A few key observations from container runtime:
- LD_LIBRARY_PATH is not correctly updated in the image build. At runtime it is
LD_LIBRARY_PATH =/usr/local/nvidia/lib:/usr/local/nvidia/lib64. - Running
find / -type d -iname ".tensornvme" -lsdoes not locate the install directory.tensornvme. - The last command of the image build does not include WITH_ROOT=1, so the install directory is ~/.tensornvme versus /usr, and
~or$HOMEevaluates to/in the container runtime. - Attempting to install it at container runtime confirms the attempted install location is
/.tensornvme:
$ cd TensorNVMe
$ pip install -v --no-cache-dir .
Using pip 21.2.4 from /opt/conda/lib/python3.9/site-packages/pip (python 3.9)
Processing /workspace/TensorNVMe
DEPRECATION: A future pip version will change local packages to be built in-place without first copying to a temporary directory. We recommend you use --use-feature=in-tree-build to test your packages with this new behavior before it becomes the default.
pip 21.3 will remove support for this functionality.
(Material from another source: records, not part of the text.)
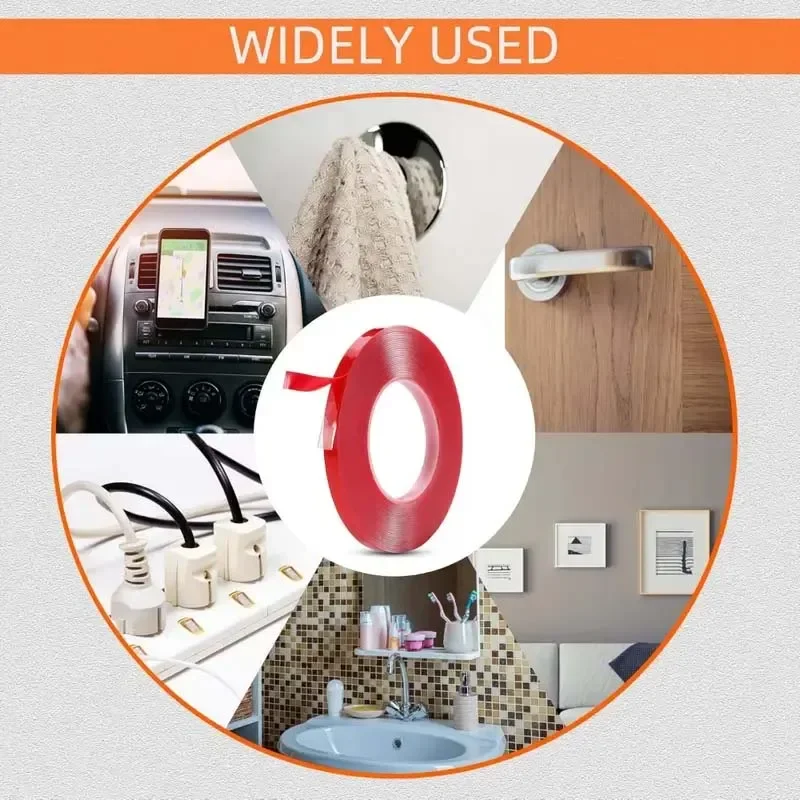 폭 8mm 양면 테이프 강력한 고정 투명 테이프 방수 고강도 고강도 흔적 없음 접착 스티커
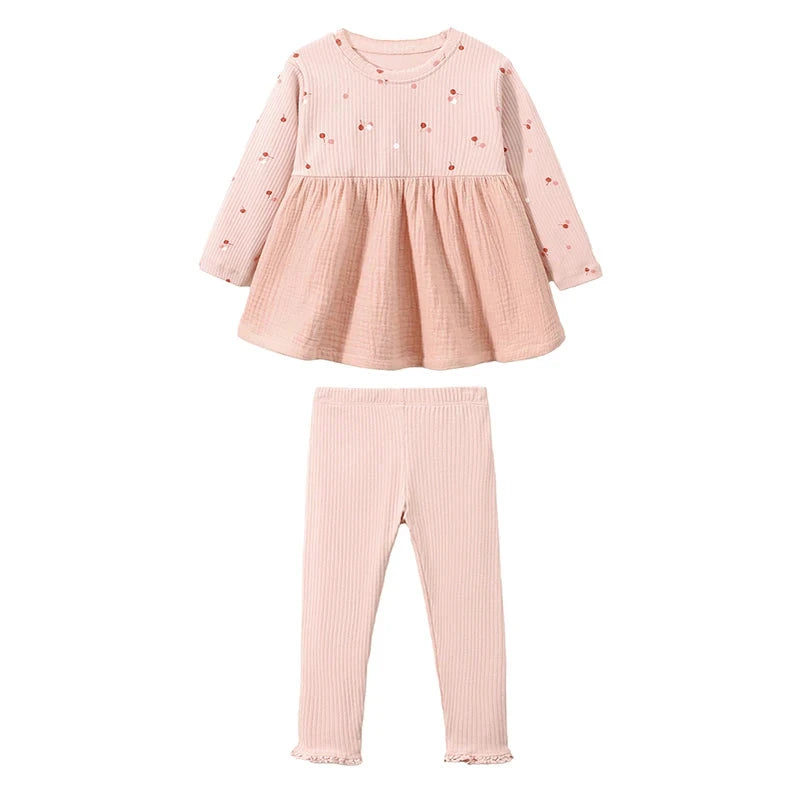 Little Girls Cherry Print Tops with Pant Outfit Set for Autumn childrensterritory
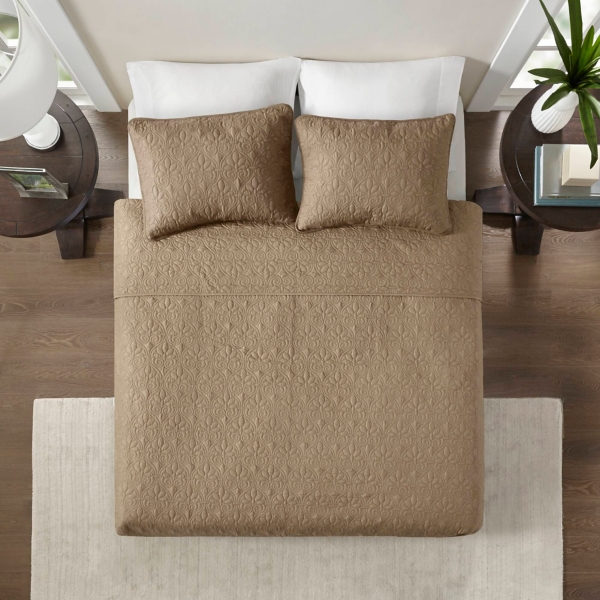 Brown Classic Stitch 3-pc. Queen Coverlet Set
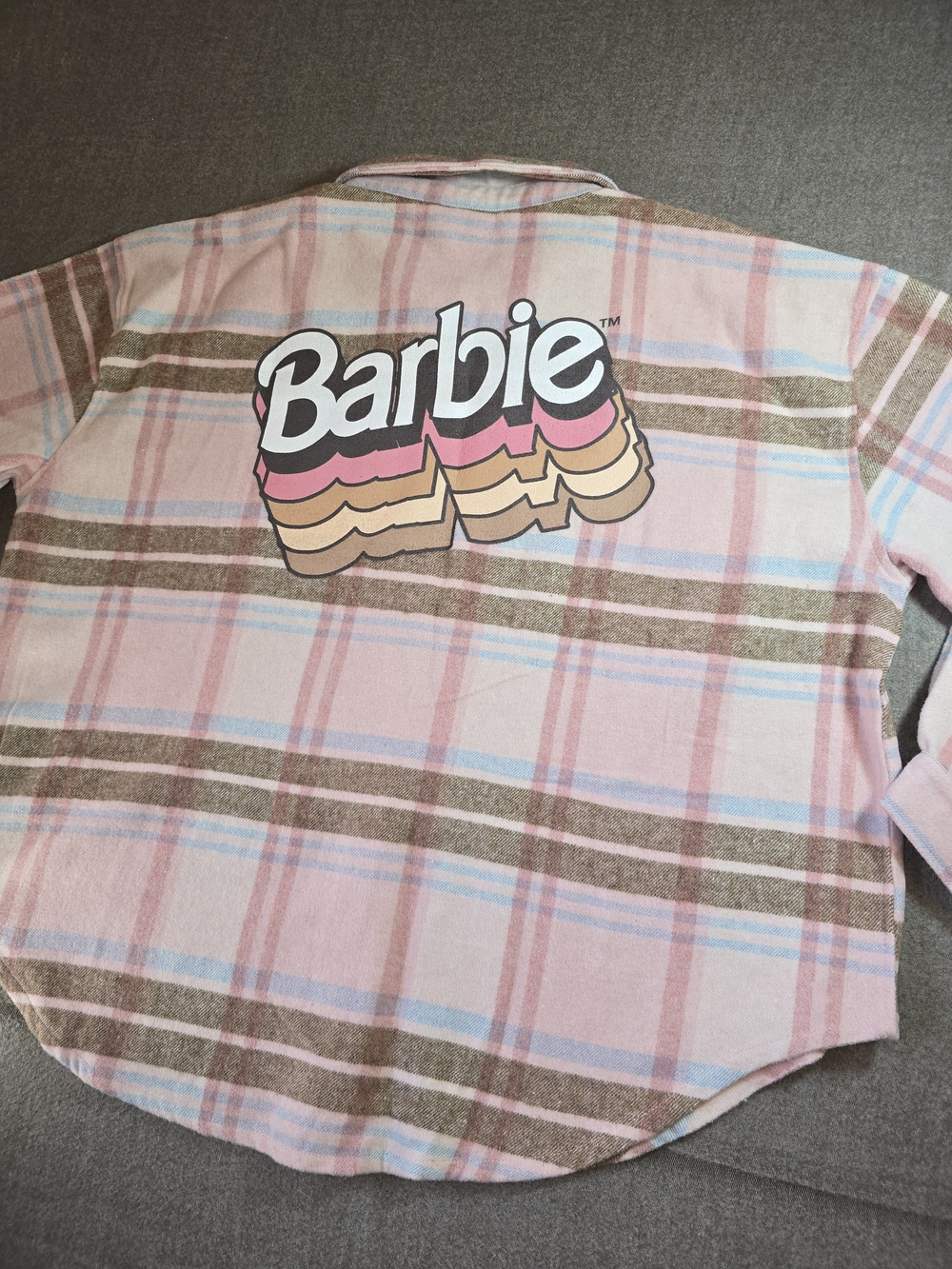 Barbie Pink Plaid Flannel NWT Summer Retro Vibe Women's 2X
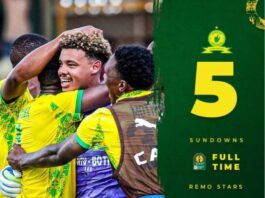 CAF Champions League shock: Sundowns crush Remo Stars 5-1 in Nigeria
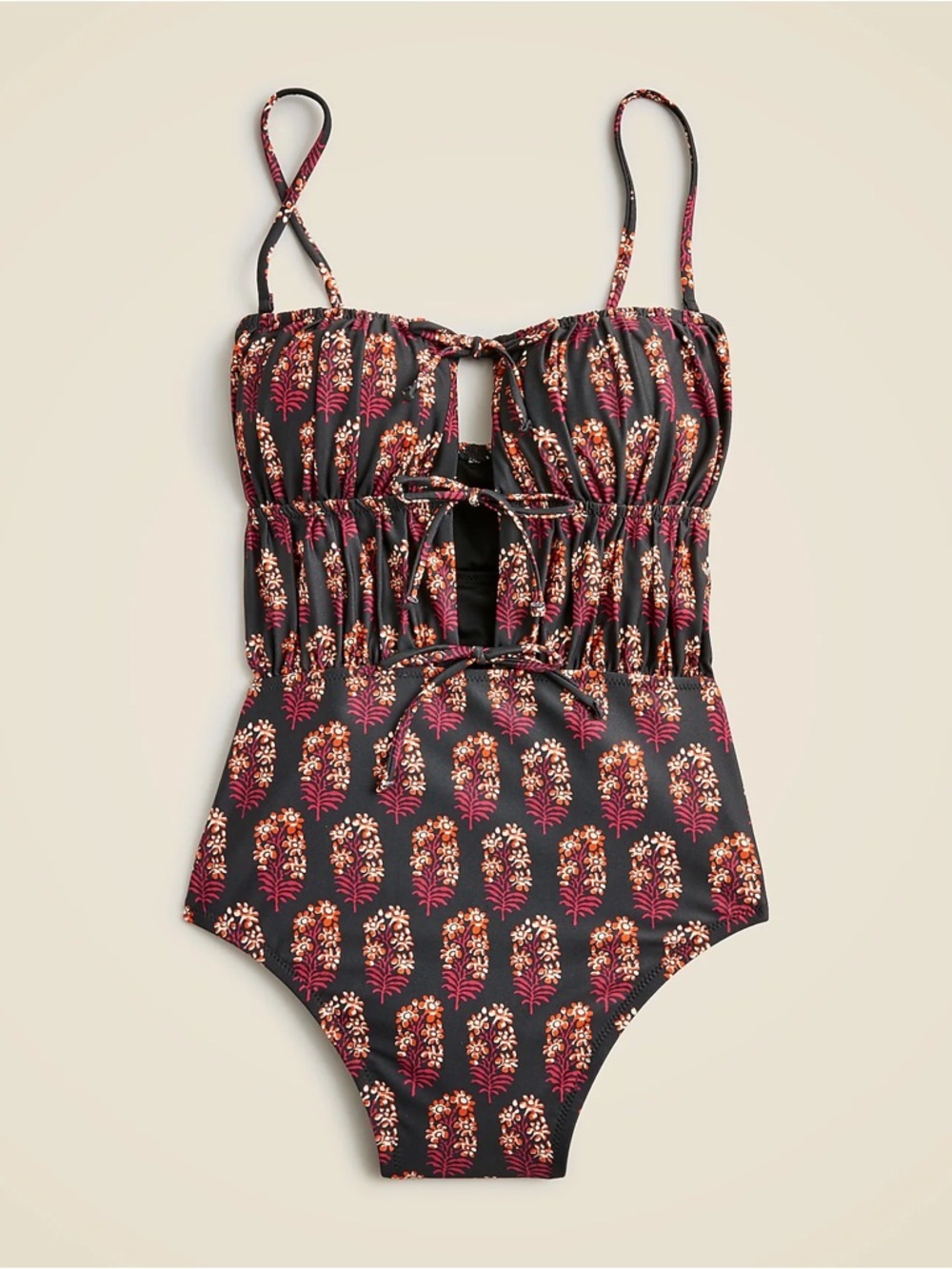 J. Crew Black One-Piece Swimsuit with Pink and Gold Floral Print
You can find discussion regarding this at https://github.com/pypa/pip/issues/7555.
Running command python setup.py egg_info
running egg_info
creating /tmp/pip-pip-egg-info-ag4spu7n/tensornvme.egg-info
writing /tmp/pip-pip-egg-info-ag4spu7n/tensornvme.egg-info/PKG-INFO
writing dependency_links to /tmp/pip-pip-egg-info-ag4spu7n/tensornvme.egg-info/dependency_links.txt
writing entry points to /tmp/pip-pip-egg-info-ag4spu7n/tensornvme.egg-info/entry_points.txt
writing requirements to /tmp/pip-pip-egg-info-ag4spu7n/tensornvme.egg-info/requires.txt
writing top-level names to /tmp/pip-pip-egg-info-ag4spu7n/tensornvme.egg-info/top_level.txt
writing manifest file '/tmp/pip-pip-egg-info-ag4spu7n/tensornvme.egg-info/SOURCES.txt'
reading manifest file '/tmp/pip-pip-egg-info-ag4spu7n/tensornvme.egg-info/SOURCES.txt'
reading manifest template 'MANIFEST.in'
writing manifest file '/tmp/pip-pip-egg-info-ag4spu7n/tensornvme.egg-info/SOURCES.txt'
Requirement already satisfied: packaging in /opt/conda/lib/python3.9/site-packages (from tensornvme==0.1.0) (23.0)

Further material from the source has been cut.